_TASK DIRECTIONS_
Set down exactly the lines below, starting at the one that contains "hoodie - Image 2" and ending at the one that contains "ウイスキー 750ml 43%保管品", with both of those lines included and nothing else.
***** RECORD EXCERPTS
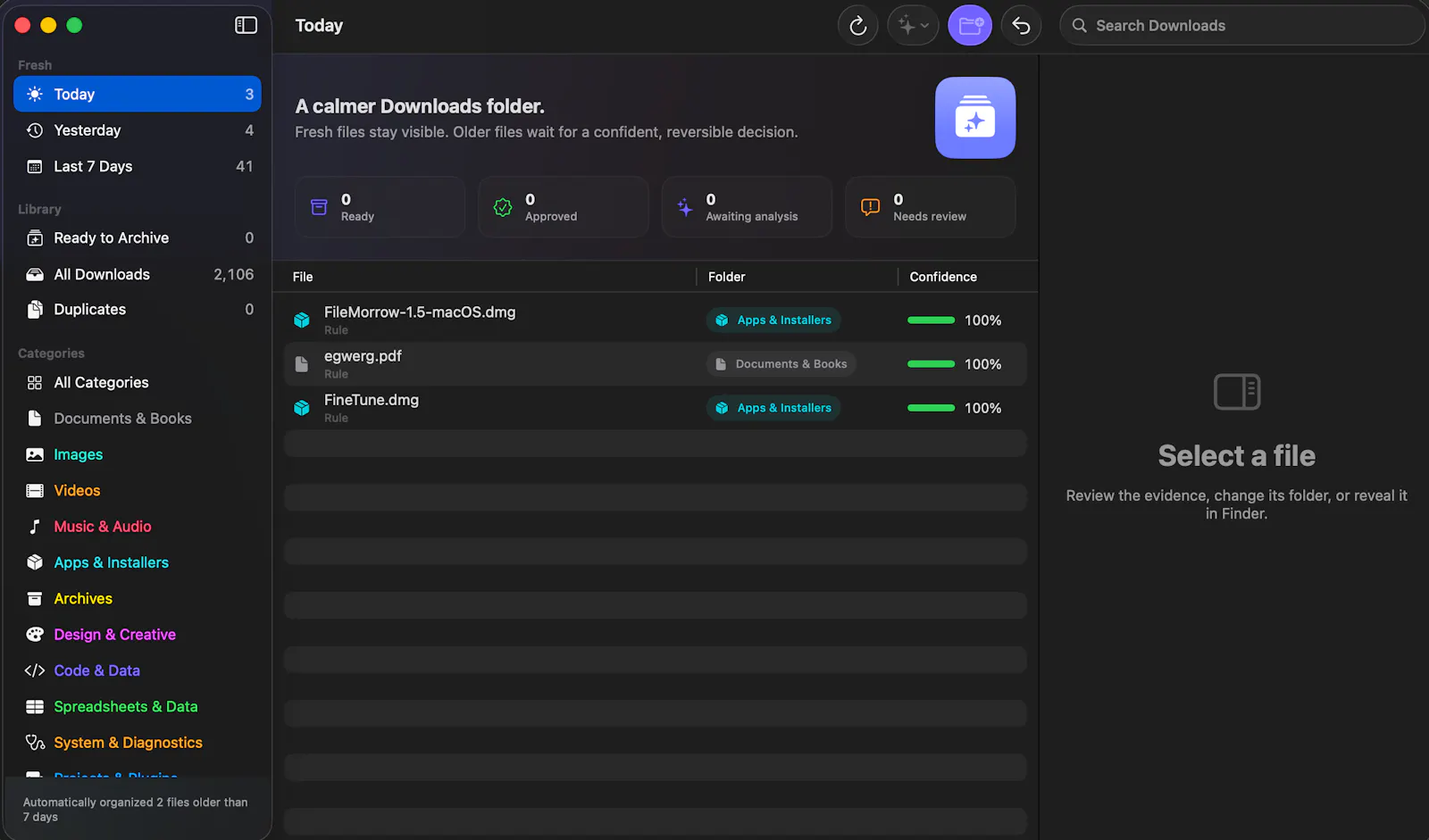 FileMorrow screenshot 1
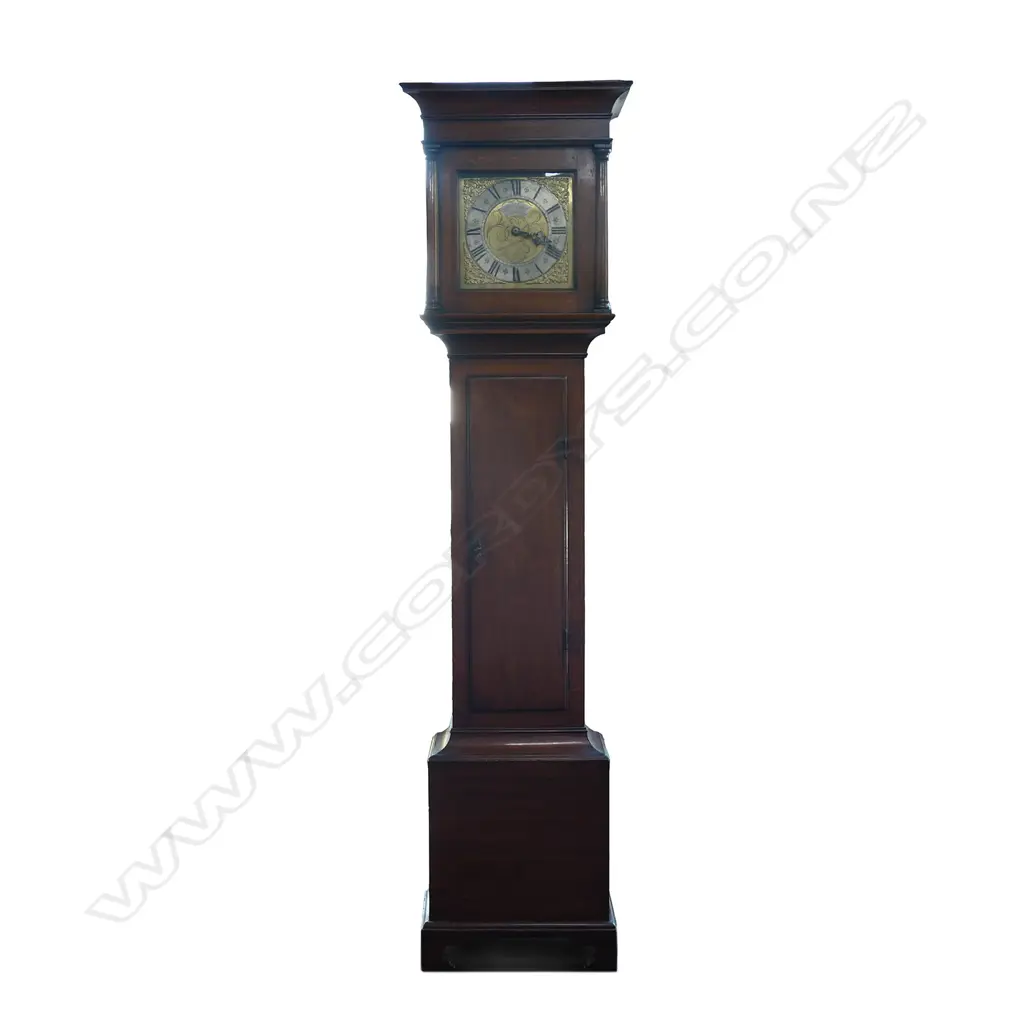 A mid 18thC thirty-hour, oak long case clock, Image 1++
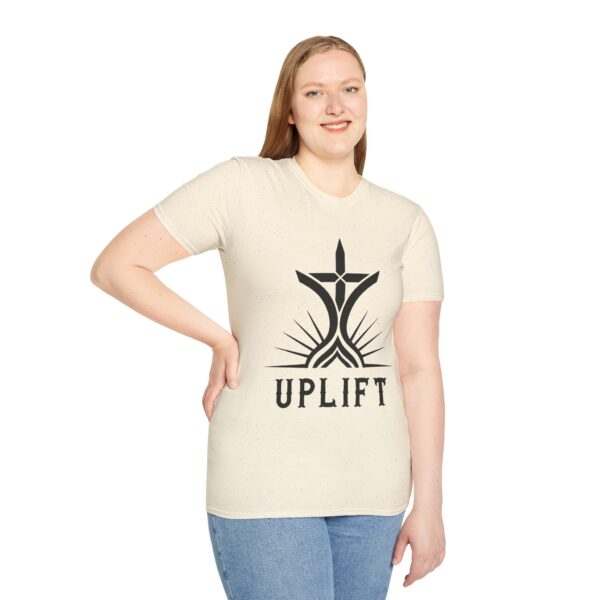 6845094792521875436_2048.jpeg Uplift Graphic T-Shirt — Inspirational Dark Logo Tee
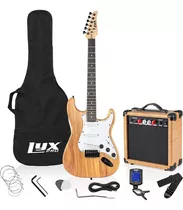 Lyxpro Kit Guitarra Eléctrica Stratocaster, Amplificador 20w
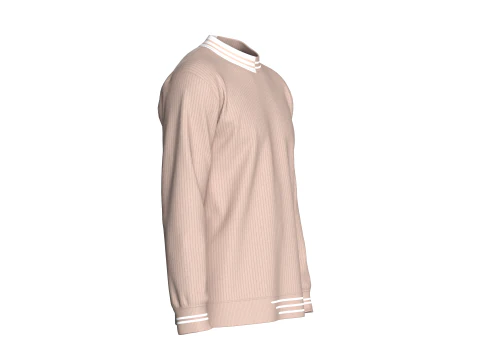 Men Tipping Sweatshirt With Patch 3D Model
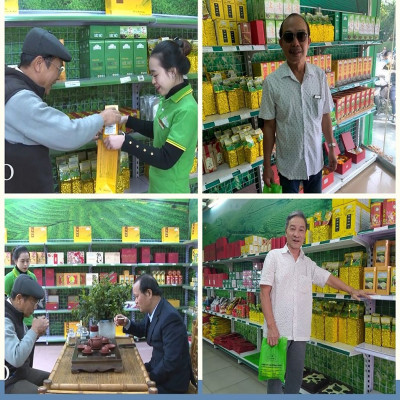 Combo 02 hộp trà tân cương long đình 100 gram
**********
***** RECORD EXCERPTS
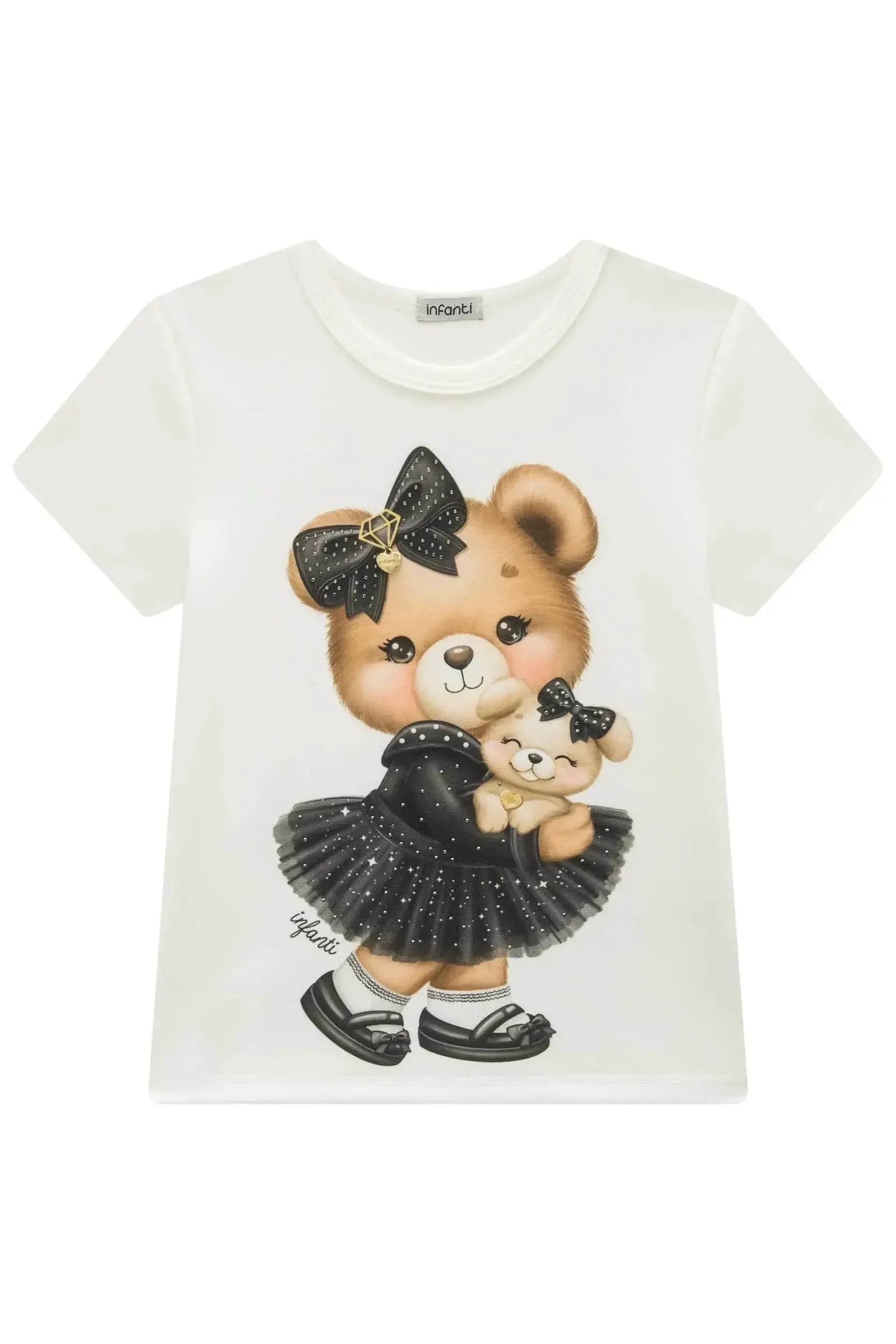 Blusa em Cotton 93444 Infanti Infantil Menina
**********
***** RECORD EXCERPTS
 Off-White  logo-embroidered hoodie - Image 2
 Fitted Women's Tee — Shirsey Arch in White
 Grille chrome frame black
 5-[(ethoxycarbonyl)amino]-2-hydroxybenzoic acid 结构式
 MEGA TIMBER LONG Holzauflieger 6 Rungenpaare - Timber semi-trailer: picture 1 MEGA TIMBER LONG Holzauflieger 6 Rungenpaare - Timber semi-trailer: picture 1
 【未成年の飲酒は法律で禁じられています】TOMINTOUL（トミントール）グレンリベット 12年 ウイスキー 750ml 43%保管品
**********
_WRITTEN RESPONSE_
 Off-White  logo-embroidered hoodie - Image 2
 Fitted Women's Tee — Shirsey Arch in White
 Grille chrome frame black
 5-[(ethoxycarbonyl)amino]-2-hydroxybenzoic acid 结构式
 MEGA TIMBER LONG Holzauflieger 6 Rungenpaare - Timber semi-trailer: picture 1 MEGA TIMBER LONG Holzauflieger 6 Rungenpaare - Timber semi-trailer: picture 1
 【未成年の飲酒は法律で禁じられています】TOMINTOUL（トミントール）グレンリベット 12年 ウイスキー 750ml 43%保管品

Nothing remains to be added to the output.